**Work to be completed**
Please reproduce the listing below exactly, leaving out every picture.

**Information shown**
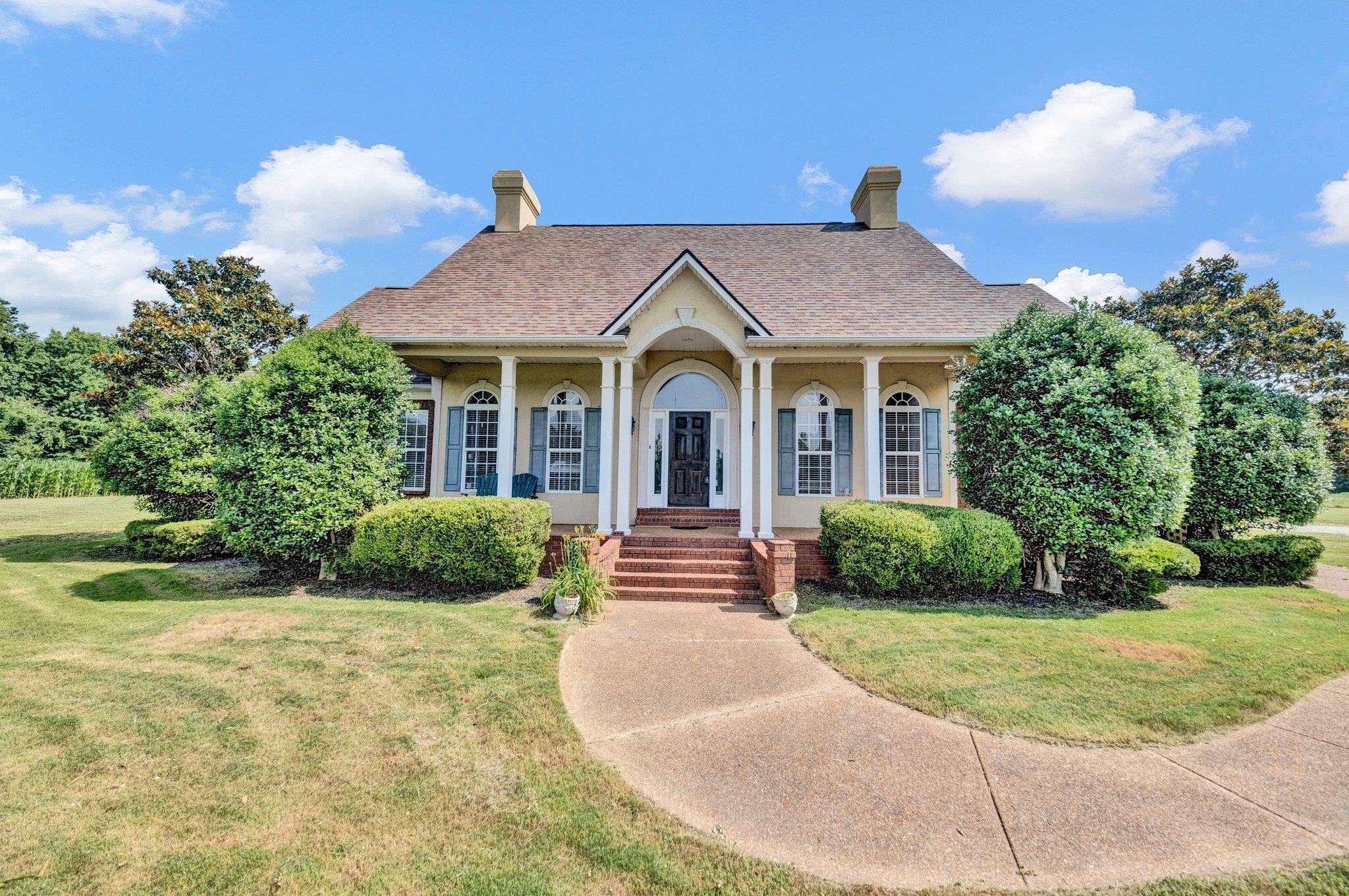914 Beaver Creek Road Brighton, TN 38011 - Photo 4 of 38 a front view of a house with garden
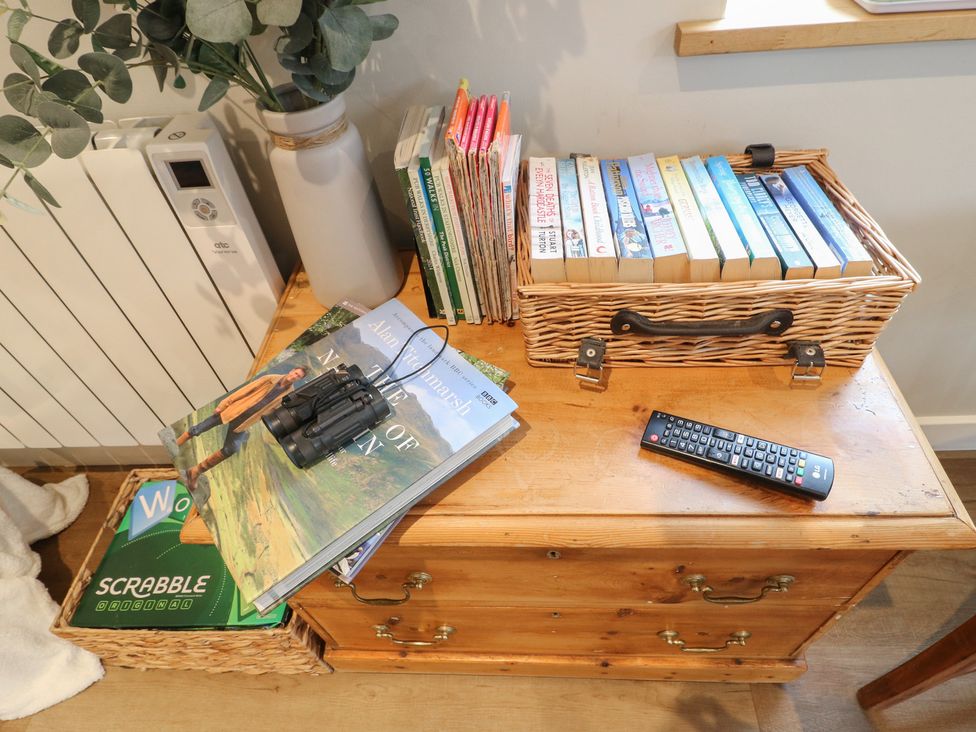 A living room with books, binoculars, and a remote at The Lodge at Middleton House Middleton Green near Stone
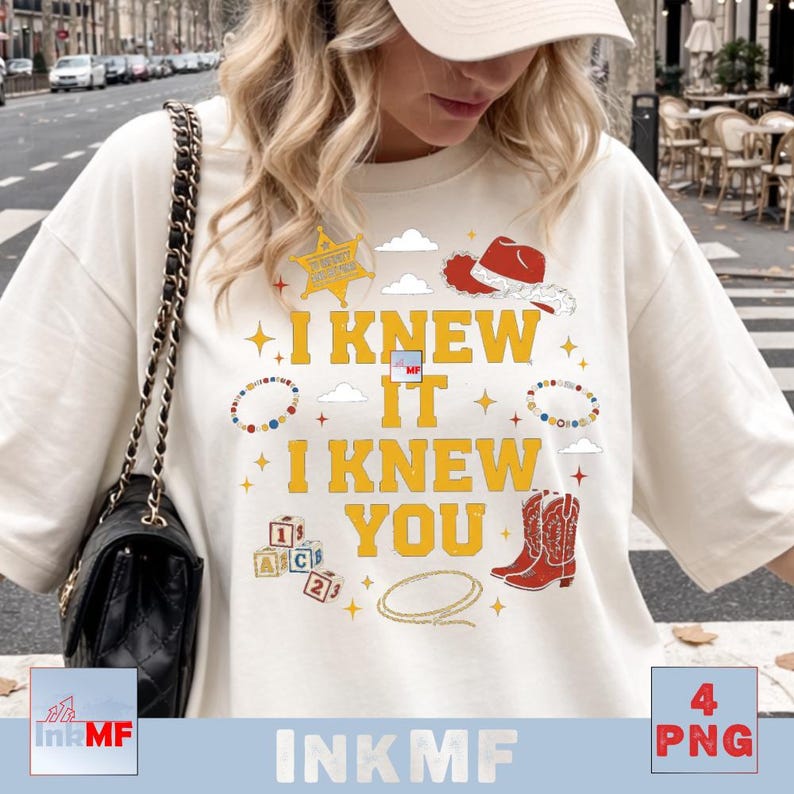 May include: A cream-colored t-shirt featuring the yellow text I KNEW IT I KNEW YOU. The graphic includes a yellow sheriff star, a red cowboy hat, red cowboy boots, a lasso, alphabet blocks, beaded bracelets, clouds, and small yellow stars.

**Written reply**
914 Beaver Creek Road Brighton, TN 38011 - Photo 4 of 38 a front view of a house with garden
 A living room with books, binoculars, and a remote at The Lodge at Middleton House Middleton Green near Stone
 May include: A cream-colored t-shirt featuring the yellow text I KNEW IT I KNEW YOU. The graphic includes a yellow sheriff star, a red cowboy hat, red cowboy boots, a lasso, alphabet blocks, beaded bracelets, clouds, and small yellow stars.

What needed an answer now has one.